= Records provided =
________________

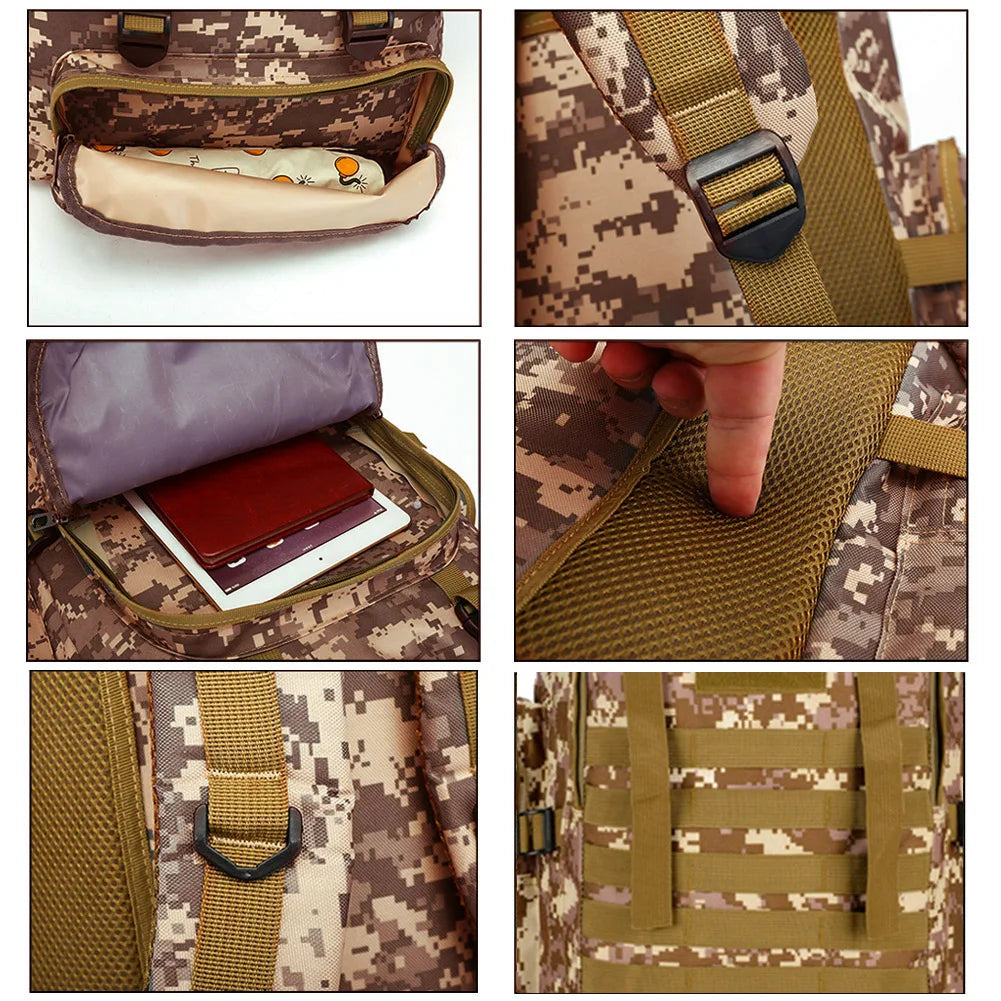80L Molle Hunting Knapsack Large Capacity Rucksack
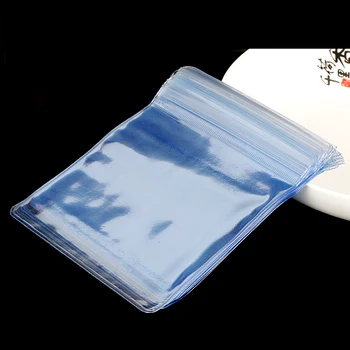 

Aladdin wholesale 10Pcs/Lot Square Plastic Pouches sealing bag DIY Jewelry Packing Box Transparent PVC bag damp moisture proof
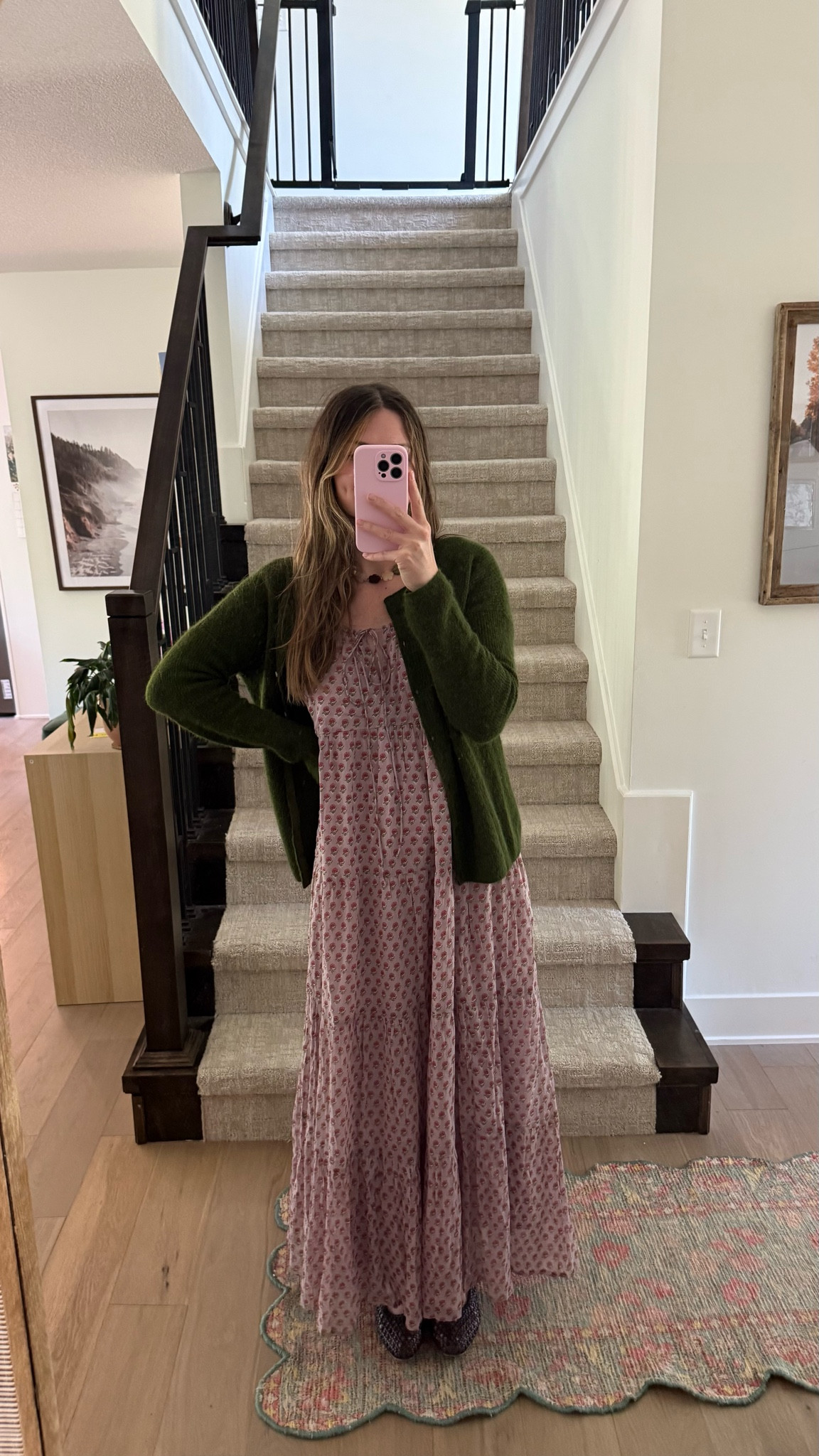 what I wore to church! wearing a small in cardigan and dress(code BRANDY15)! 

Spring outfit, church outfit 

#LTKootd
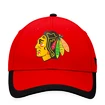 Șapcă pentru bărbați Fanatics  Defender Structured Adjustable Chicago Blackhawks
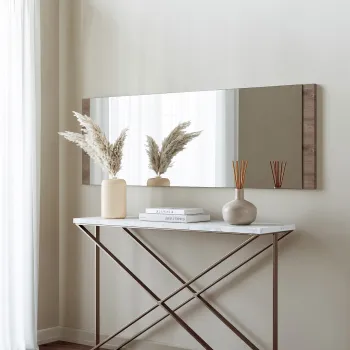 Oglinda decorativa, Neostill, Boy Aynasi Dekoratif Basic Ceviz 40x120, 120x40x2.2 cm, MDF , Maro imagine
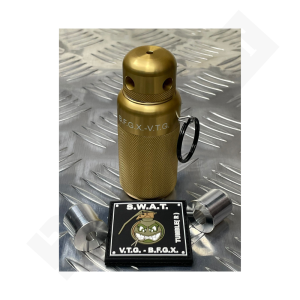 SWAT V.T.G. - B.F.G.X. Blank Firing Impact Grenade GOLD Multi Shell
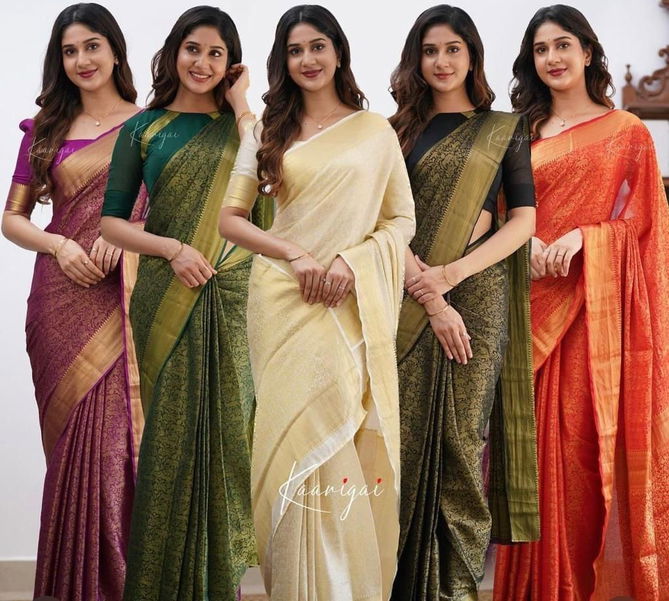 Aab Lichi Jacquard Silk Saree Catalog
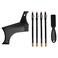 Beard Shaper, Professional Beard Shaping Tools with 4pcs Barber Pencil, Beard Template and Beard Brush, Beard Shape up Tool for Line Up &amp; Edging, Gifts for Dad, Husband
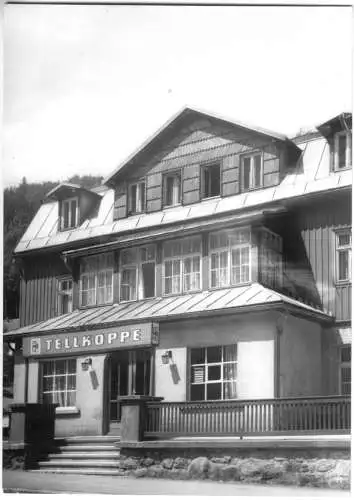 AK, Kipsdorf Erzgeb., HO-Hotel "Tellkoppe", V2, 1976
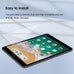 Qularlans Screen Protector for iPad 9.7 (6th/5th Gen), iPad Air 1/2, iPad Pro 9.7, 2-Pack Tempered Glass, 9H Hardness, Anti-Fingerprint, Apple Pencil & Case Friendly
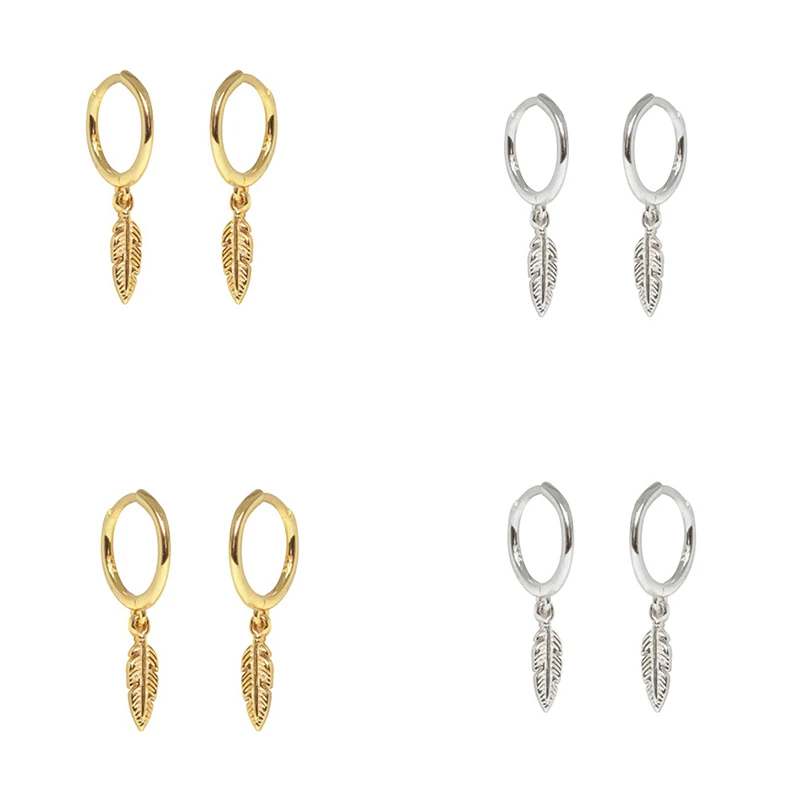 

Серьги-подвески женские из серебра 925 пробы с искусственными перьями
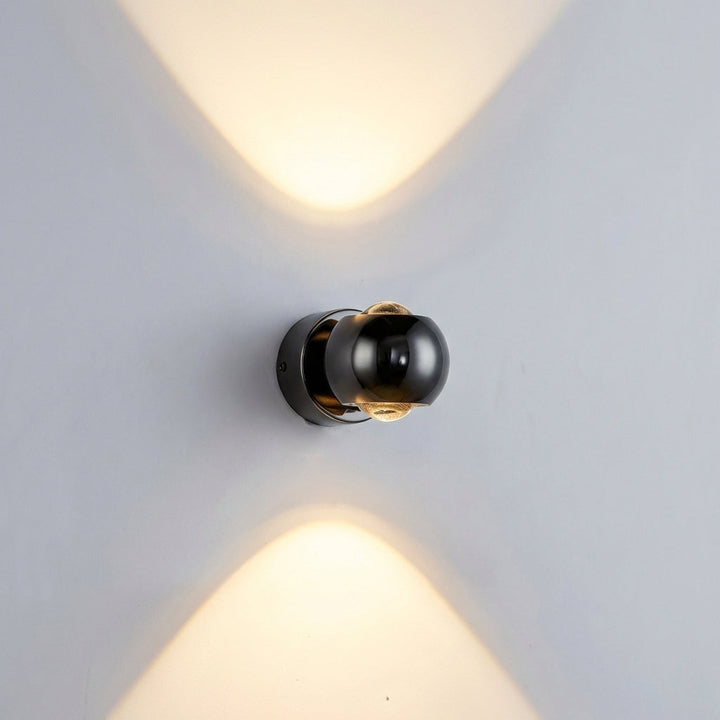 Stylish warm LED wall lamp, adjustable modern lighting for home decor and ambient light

________________

= Directions =
Leave out every picture, and copy exactly the lines from the line that contains "AK, Kipsdorf Erzgeb., HO-Hotel" through the end of the material.

= Answer to this task =
 AK, Kipsdorf Erzgeb., HO-Hotel "Tellkoppe", V2, 1976
 Qularlans Screen Protector for iPad 9.7 (6th/5th Gen), iPad Air 1/2, iPad Pro 9.7, 2-Pack Tempered Glass, 9H Hardness, Anti-Fingerprint, Apple Pencil & Case Friendly

Серьги-подвески женские из серебра 925 пробы с искусственными перьями
 Stylish warm LED wall lamp, adjustable modern lighting for home decor and ambient light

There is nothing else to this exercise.